When a court has precluded the government from making actual policy, talk is cheap, and extreme opinions abound. Placing the question of abortion beyond normal politics allowed voters and politicians to declare themselves to be for “life” or “choice” while rarely thinking hard about which choices should be made about which lives, and by whom. If conservatives got their wish and saw Roe struck down tomorrow, they would probably be surprised by how painful and unsatisfying they’d find the legislative process. The pro-choice side, meanwhile, might discover that blue states weren’t quite as blue as they’d fancied.
Repealing Obamacare was another cheap opinion, easy to hold because it wasn’t going to happen. As long as Democrats held the presidency (and Republicans did not have the two-thirds majority in the Senate to override a veto), conservatives could favor full repeal without meditating on the havoc that actual repeal would wreak in the insurance market. Nor did they need to do the long, hard work that the left had put in, thinking about what they wanted the insurance market to look like. Oh, there were wonks and a few legislators who had plans. But the Republican Party as a whole didn’t even really have a consensus on what role the government should play in ensuring that people had health insurance, much less what specific policies should support that role.
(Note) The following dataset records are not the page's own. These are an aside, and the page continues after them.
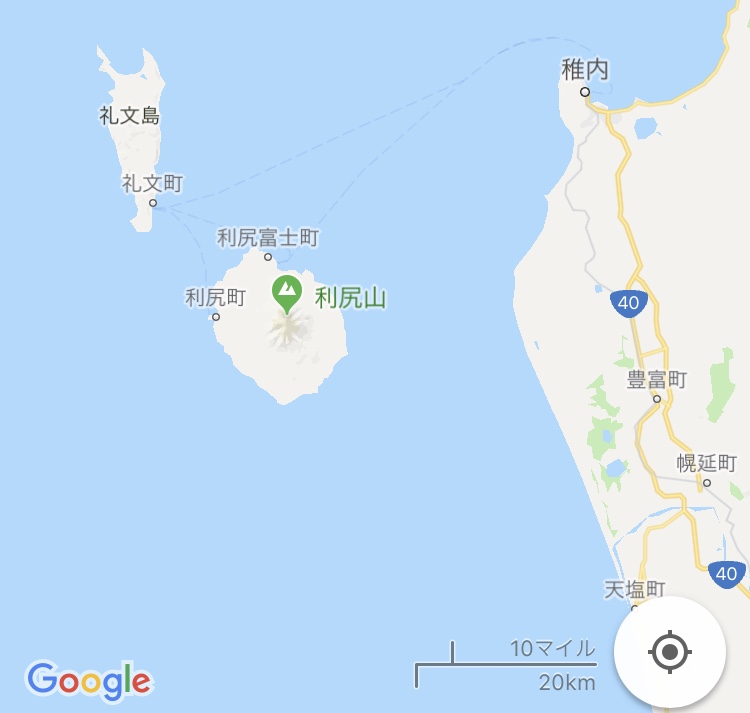 E61007F7-AE12-4989-A715-D1E0E6F1F9DE.jpeg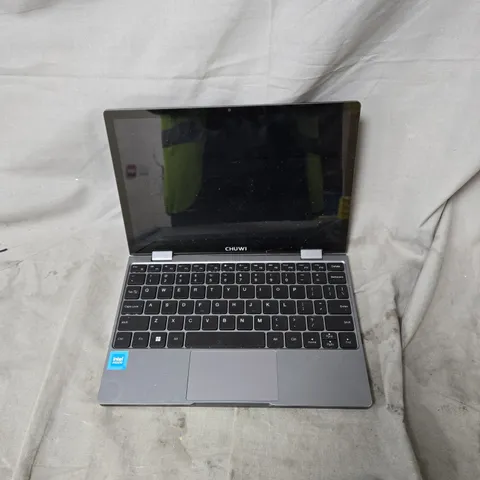 CHUWI MINIBOOK X LAPTOP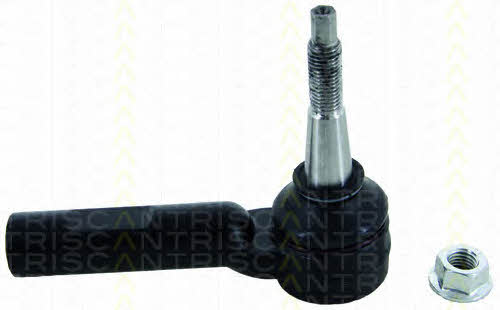 Triscan 8500 24155 Tie rod end outer 850024155: Buy near me in Poland at 2407.PL - Good price!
Had a more normal presidential nominee gotten the nod, they might have put in that work , in anticipation of a Republican administration. Instead they got Trump, and a “November Surprise” that found them completely unprepared to actually do what they’d been promising for the better part of eight years.
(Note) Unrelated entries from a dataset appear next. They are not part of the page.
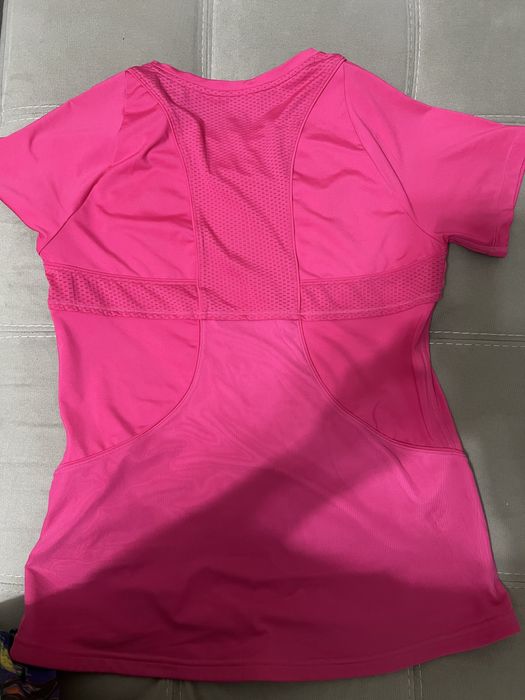 Кофты спортивные Adidasi Reebok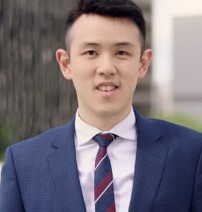 Nathan Kam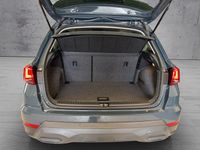 Seat Arona - Vorschau Bild 18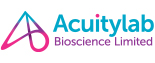 Acuitylab Bioscience Logo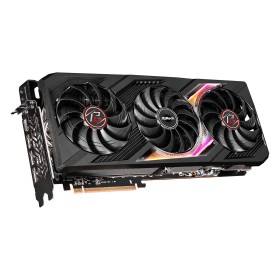 LDLC : l&#039;Asrock RX 7900 XT Phantom Gaming OC est à 810 €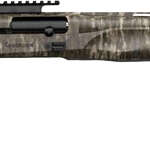 Retay USA Gordion Turkey 12Ga - 24" Mossy Oak Bottomland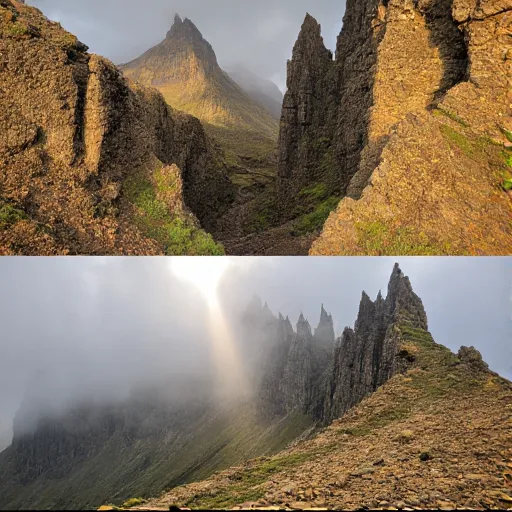 Aodhán name illustration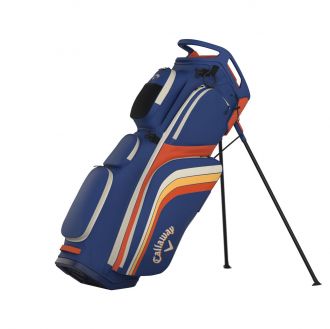 LimitedEditionFairway14StandBagBLUEMULTI.jpeg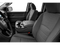 2015 RAM 1500 (5.7L) Express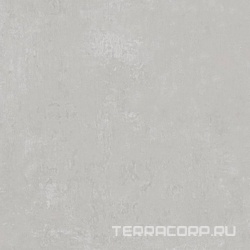 Про Фьюче серый светлый обр. гр. |60x60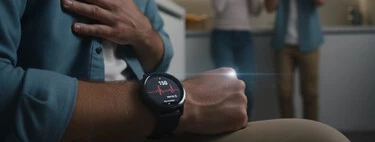 Tres historias con la salud como hilo conductor y un protagonista común: un Galaxy Watch que se adelantó a un problema real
Now Democrats get to be the ones holding the cheap opinions about how fantastic Obamacare would be if Republicans hadn’t gone and wrecked it. That’s how American politics works now, because the old legislative system, designed to steadily grind out pork-stuffed bipartisan compromises that satisfied no one, has broken down. We now have a new system in which almost everyone is a passenger rather than a driver — and it’s much more fun for the passenger to offer backseat criticism of the driver than to read the map and try to work out how to get somewhere.